%%

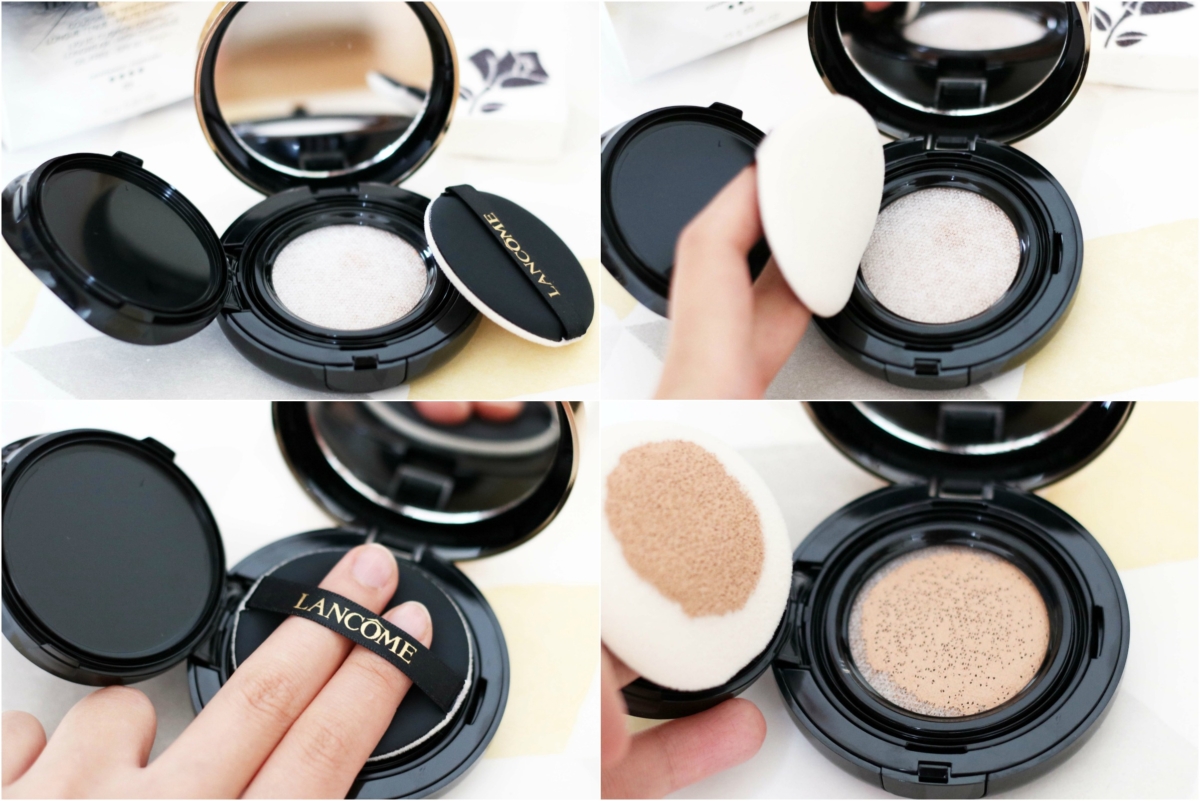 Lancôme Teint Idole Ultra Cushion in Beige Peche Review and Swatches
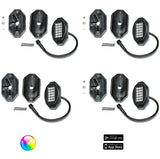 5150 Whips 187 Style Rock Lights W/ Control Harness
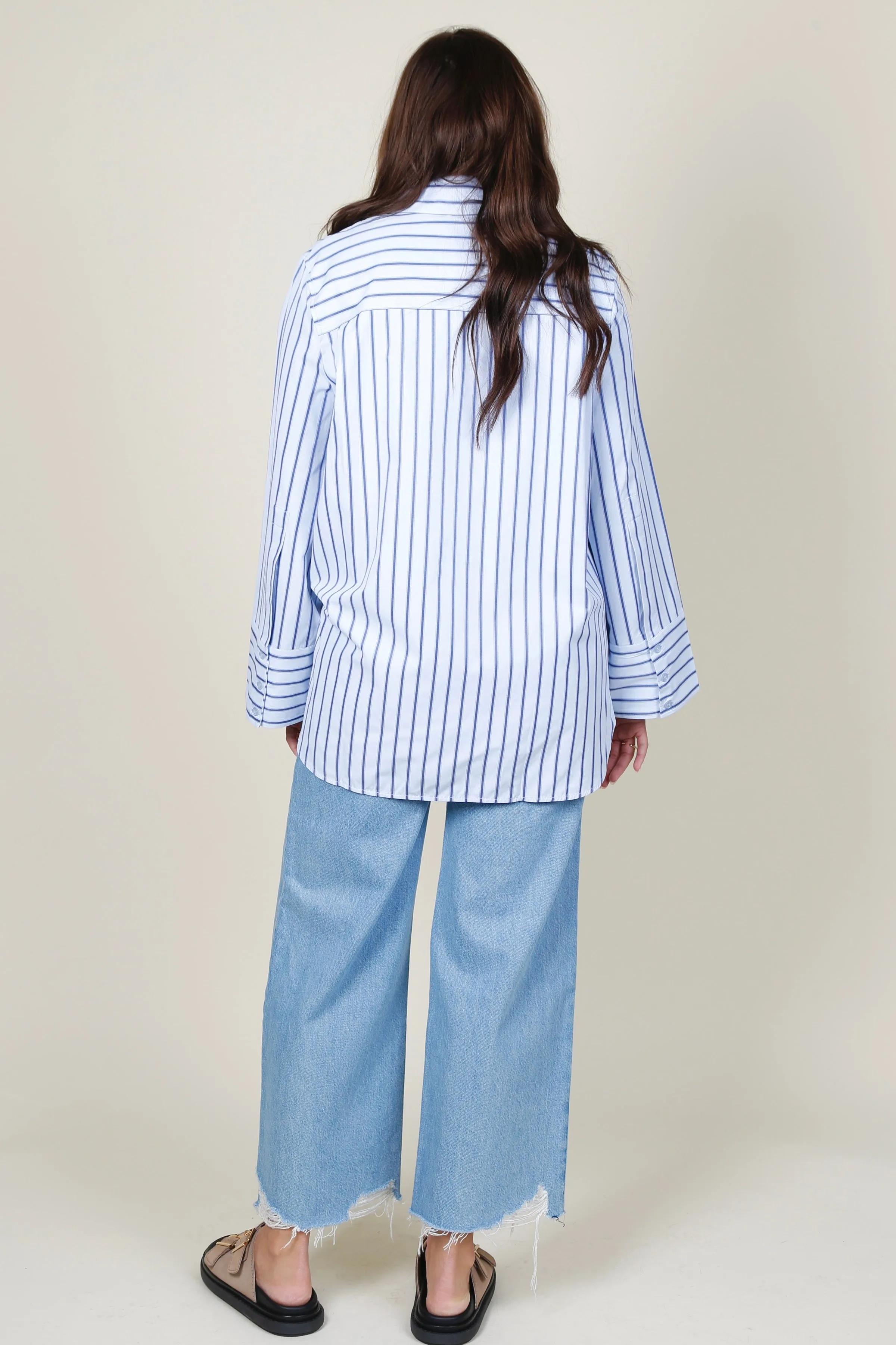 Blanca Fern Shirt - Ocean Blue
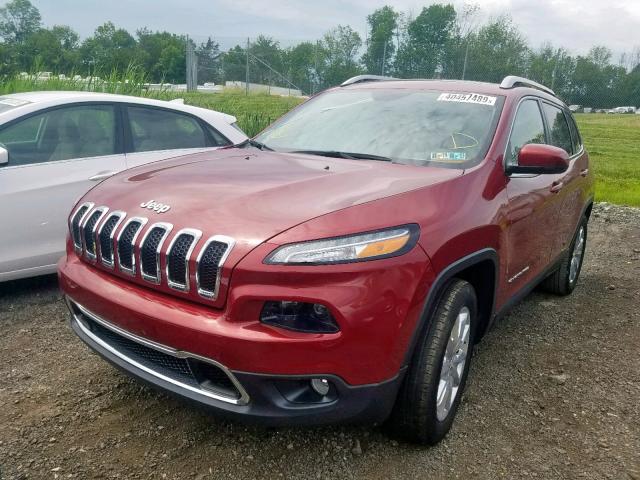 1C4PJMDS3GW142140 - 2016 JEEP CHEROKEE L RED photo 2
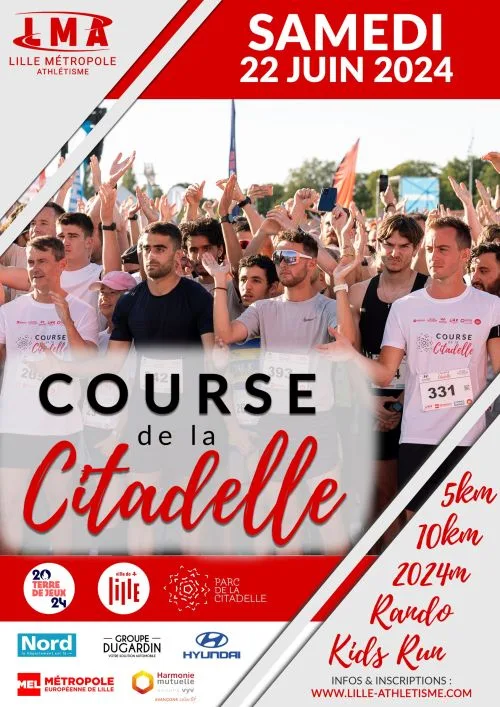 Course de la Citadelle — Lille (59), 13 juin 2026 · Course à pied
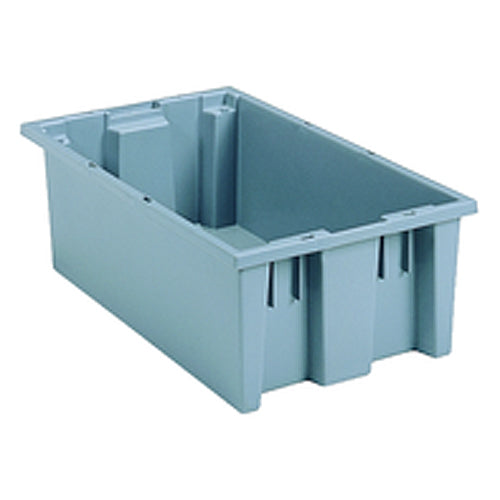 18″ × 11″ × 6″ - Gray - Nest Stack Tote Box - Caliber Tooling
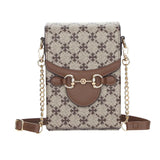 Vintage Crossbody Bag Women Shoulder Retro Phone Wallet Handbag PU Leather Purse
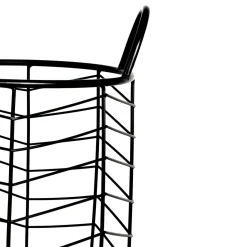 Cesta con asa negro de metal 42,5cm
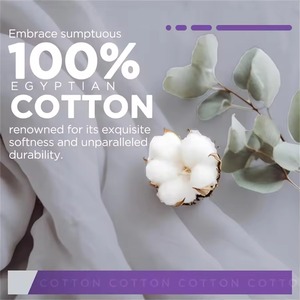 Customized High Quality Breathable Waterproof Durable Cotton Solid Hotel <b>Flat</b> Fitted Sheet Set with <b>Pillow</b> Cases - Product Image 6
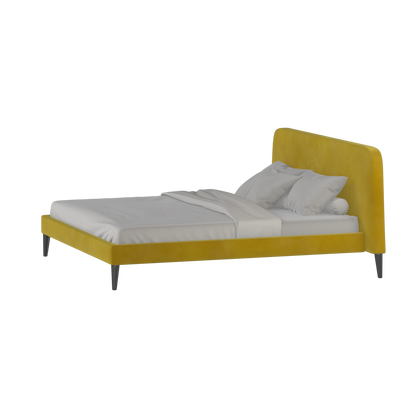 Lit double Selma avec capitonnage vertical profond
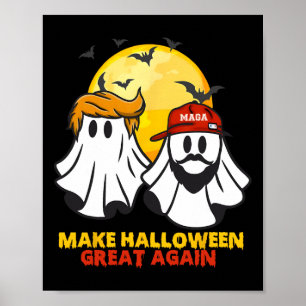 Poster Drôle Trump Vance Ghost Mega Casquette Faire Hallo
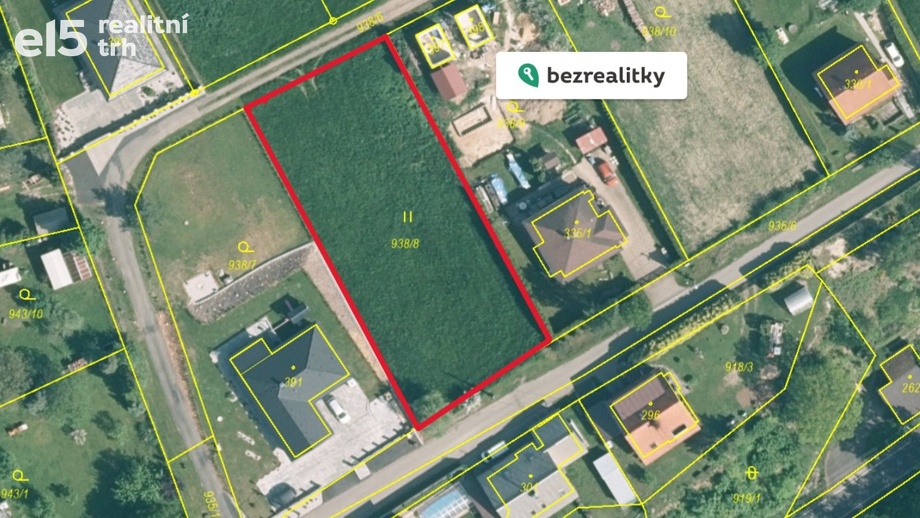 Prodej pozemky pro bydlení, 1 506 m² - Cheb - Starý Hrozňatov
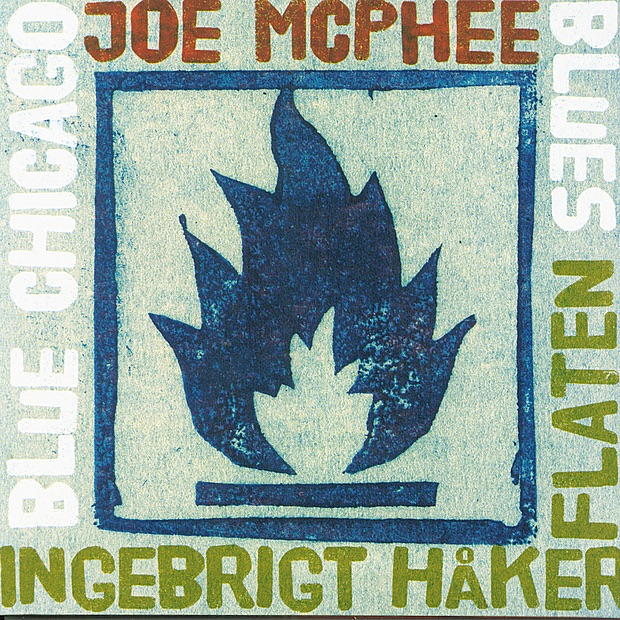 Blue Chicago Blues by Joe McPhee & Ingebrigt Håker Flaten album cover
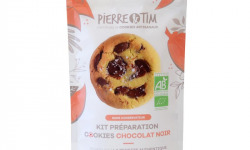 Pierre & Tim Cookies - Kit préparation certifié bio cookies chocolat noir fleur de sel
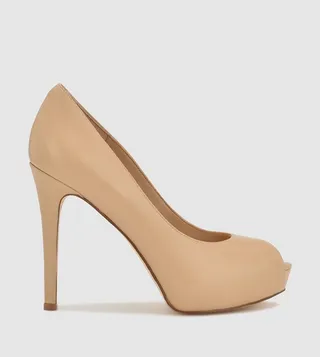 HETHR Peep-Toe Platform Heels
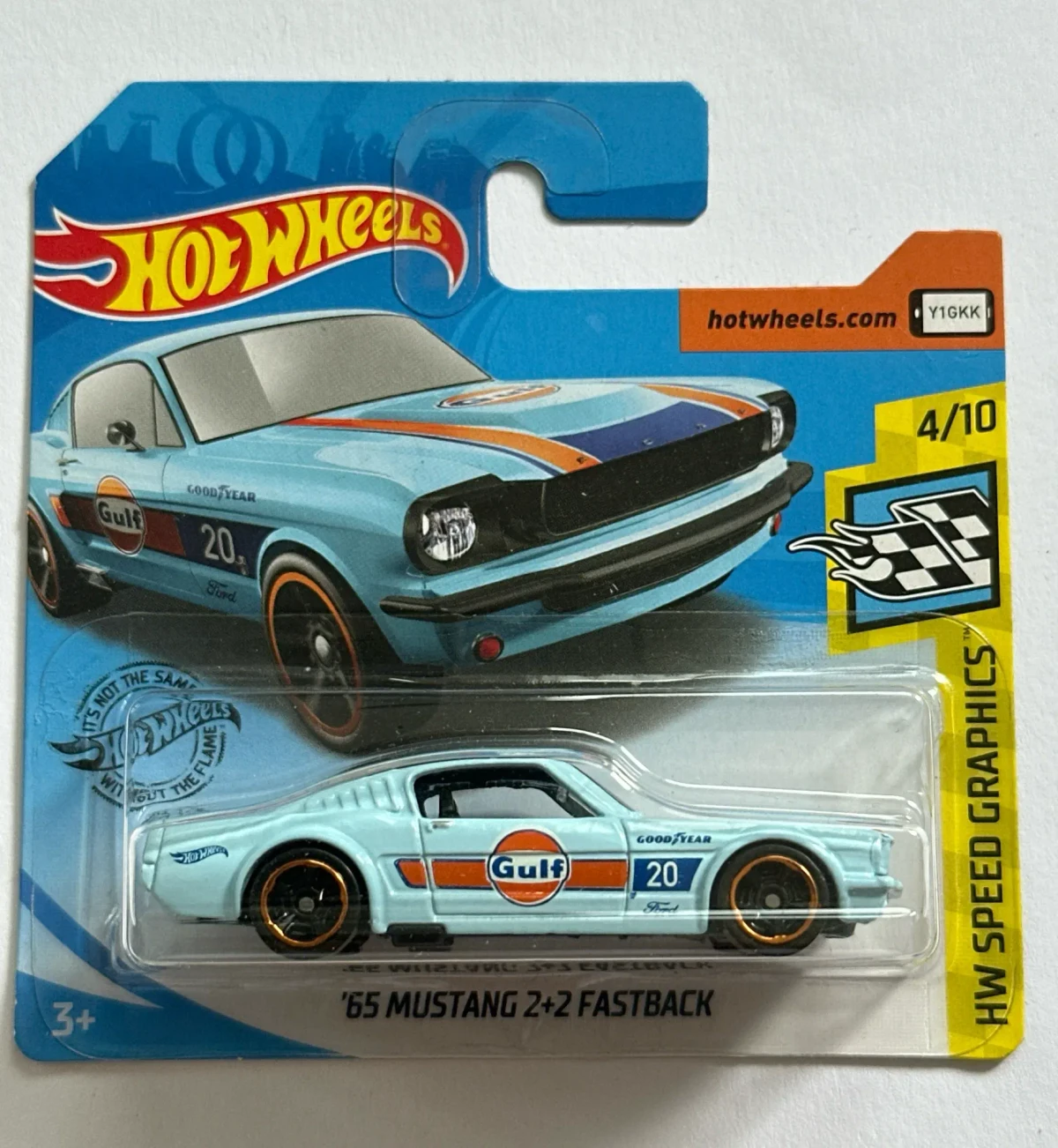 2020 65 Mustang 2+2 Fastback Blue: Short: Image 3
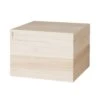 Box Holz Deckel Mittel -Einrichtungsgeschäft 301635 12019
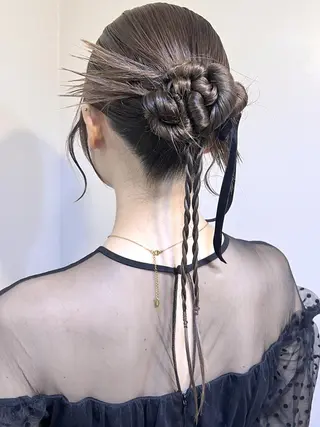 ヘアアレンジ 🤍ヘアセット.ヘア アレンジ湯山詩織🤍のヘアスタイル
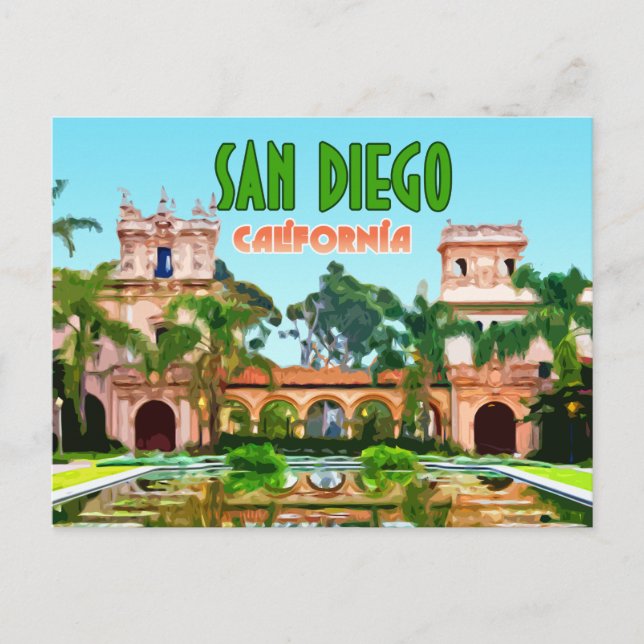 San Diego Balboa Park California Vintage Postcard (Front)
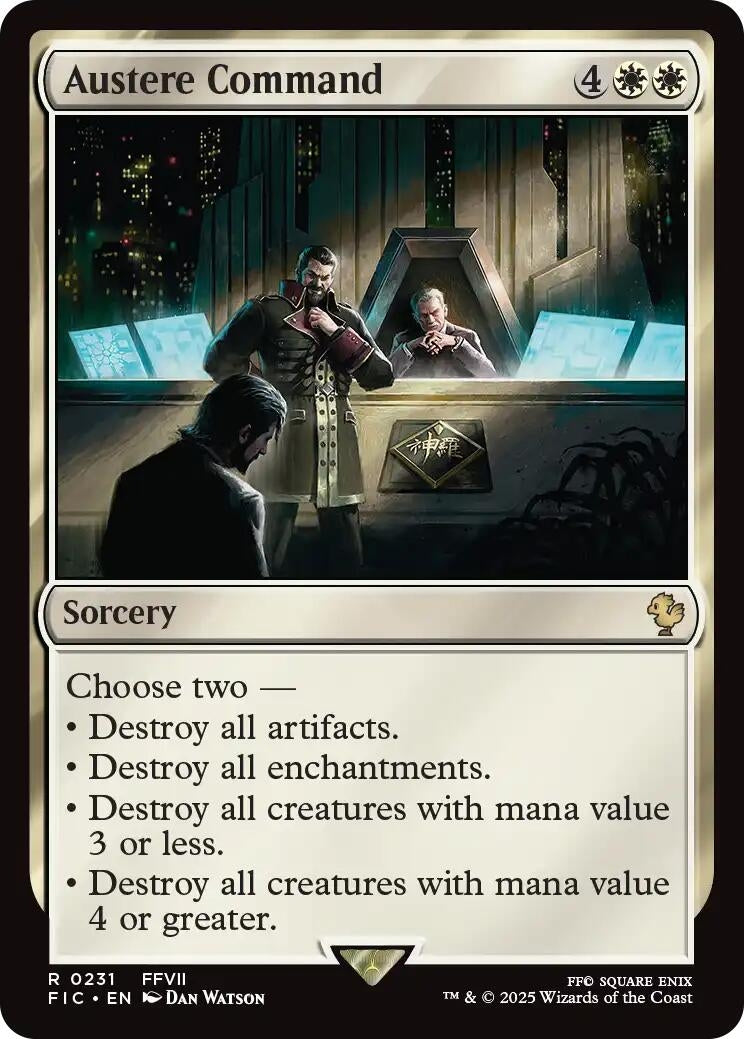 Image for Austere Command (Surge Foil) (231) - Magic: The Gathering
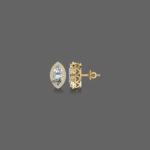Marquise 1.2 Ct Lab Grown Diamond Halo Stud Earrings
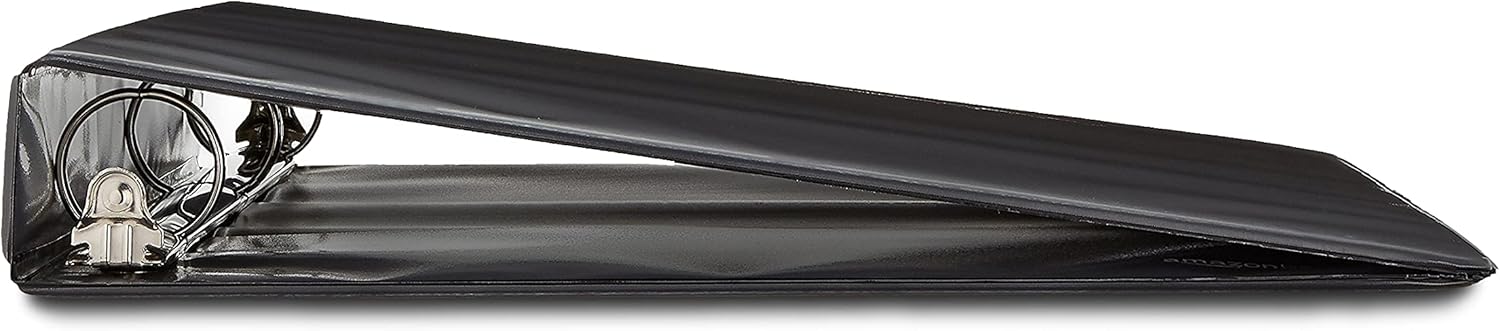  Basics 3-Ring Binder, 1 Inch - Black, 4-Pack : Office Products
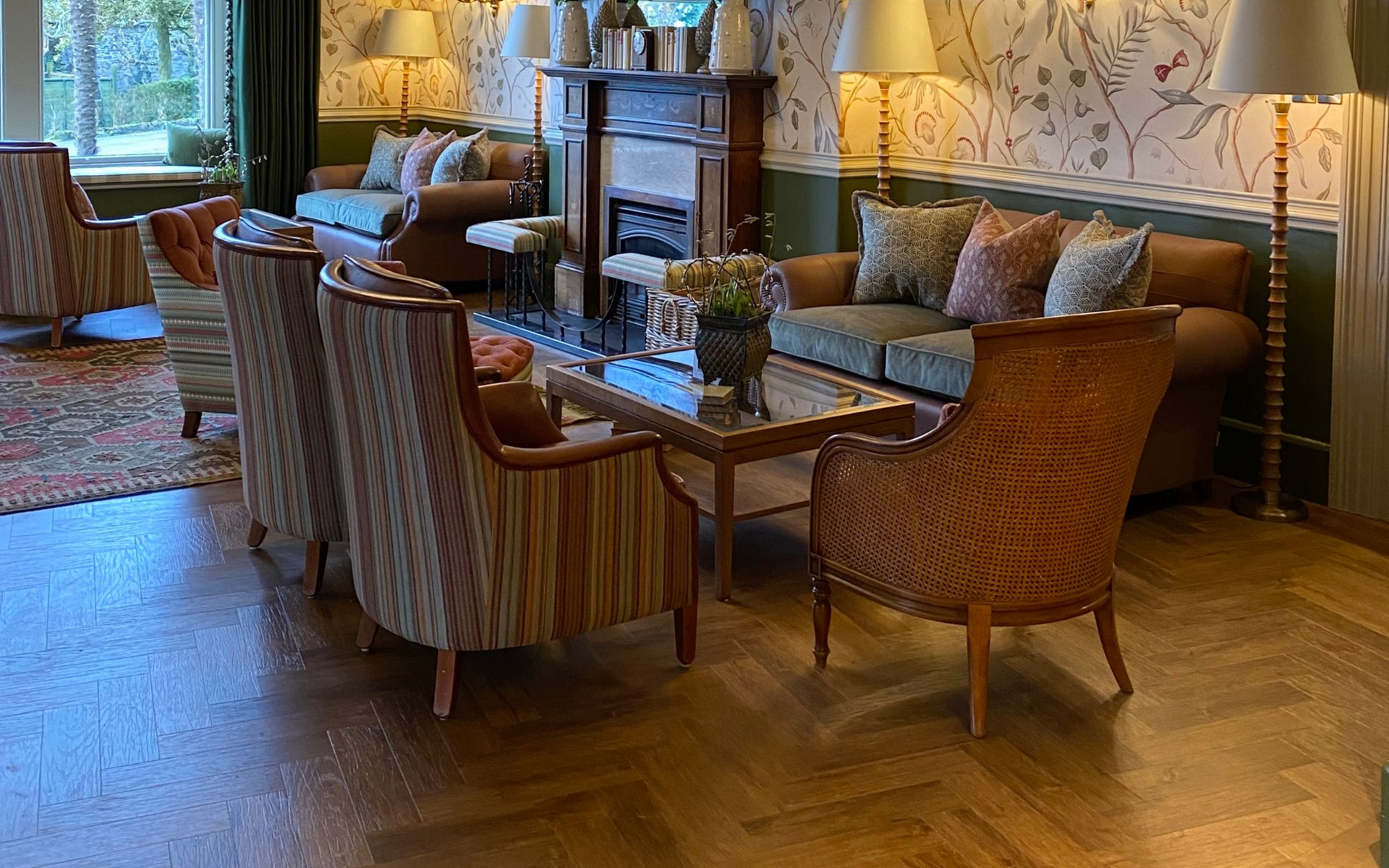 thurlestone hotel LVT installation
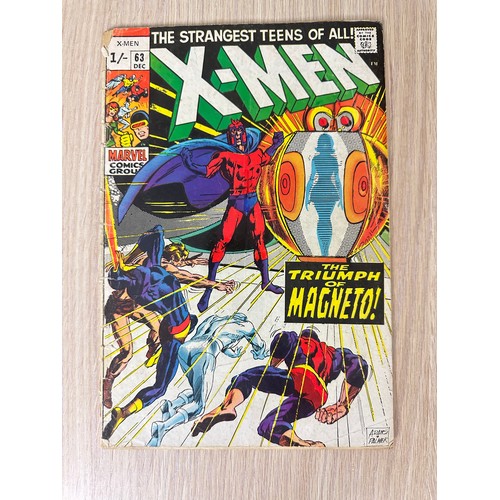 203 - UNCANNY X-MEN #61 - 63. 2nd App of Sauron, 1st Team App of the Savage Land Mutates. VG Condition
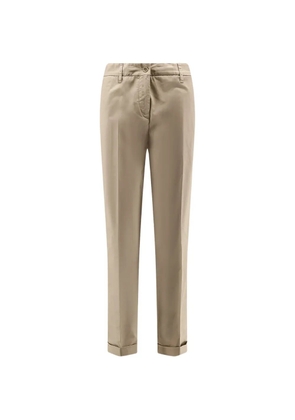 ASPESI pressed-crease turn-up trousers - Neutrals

%%

# Task brief
Without any pictures, please write out the lines from the one containing "Vintage Crossbody Bag" through the final line of the data, exactly and inclusive of both ends.

# Result of the exercise
 Vintage Crossbody Bag Women Shoulder Retro Phone Wallet Handbag PU Leather Purse
 Cesta con asa negro de metal 42,5cm
 Customized High Quality Breathable Waterproof Durable Cotton Solid Hotel <b>Flat</b> Fitted Sheet Set with <b>Pillow</b> Cases - Product Image 6
 Lit double Selma avec capitonnage vertical profond
 Poster Drôle Trump Vance Ghost Mega Casquette Faire Hallo
 Prodej pozemky pro bydlení, 1 506 m² - Cheb - Starý Hrozňatov
 Blue Chicago Blues by Joe McPhee & Ingebrigt Håker Flaten album cover
 Pierre & Tim Cookies - Kit préparation certifié bio cookies chocolat noir fleur de sel
 HETHR Peep-Toe Platform Heels
 2020 65 Mustang 2+2 Fastback Blue: Short: Image 3
 Box Holz Deckel Mittel -Einrichtungsgeschäft 301635 12019
 ヘアアレンジ 🤍ヘアセット.ヘア アレンジ湯山詩織🤍のヘアスタイル
 San Diego Balboa Park California Vintage Postcard (Front)
 Image for Austere Command (Surge Foil) (231) - Magic: The Gathering
Marquise 1.2 Ct Lab Grown Diamond Halo Stud Earrings
  Basics 3-Ring Binder, 1 Inch - Black, 4-Pack : Office Products
 thurlestone hotel LVT installation
 203 - UNCANNY X-MEN #61 - 63. 2nd App of Sauron, 1st Team App of the Savage Land Mutates. VG Condition
 ASPESI pressed-crease turn-up trousers - Neutrals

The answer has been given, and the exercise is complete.